● **Your objective**
Among the entries below, please show each line that carries the word "Dress".

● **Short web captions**
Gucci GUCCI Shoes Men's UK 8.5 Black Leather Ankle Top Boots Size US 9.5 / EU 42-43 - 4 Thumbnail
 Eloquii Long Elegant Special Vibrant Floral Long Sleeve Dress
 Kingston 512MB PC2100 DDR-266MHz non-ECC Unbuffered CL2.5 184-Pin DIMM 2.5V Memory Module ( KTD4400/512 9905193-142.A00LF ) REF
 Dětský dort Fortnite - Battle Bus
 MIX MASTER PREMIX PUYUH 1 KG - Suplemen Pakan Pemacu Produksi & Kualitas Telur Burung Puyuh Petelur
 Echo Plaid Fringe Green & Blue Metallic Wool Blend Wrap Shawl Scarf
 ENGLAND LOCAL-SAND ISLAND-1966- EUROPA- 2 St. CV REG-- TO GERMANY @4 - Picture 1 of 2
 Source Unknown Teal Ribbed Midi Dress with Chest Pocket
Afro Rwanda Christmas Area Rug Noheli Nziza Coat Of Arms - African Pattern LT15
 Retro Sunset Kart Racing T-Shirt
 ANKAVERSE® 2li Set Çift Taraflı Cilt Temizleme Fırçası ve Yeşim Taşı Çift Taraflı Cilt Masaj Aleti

● **Answer section**
 Eloquii Long Elegant Special Vibrant Floral Long Sleeve Dress
 Source Unknown Teal Ribbed Midi Dress with Chest Pocket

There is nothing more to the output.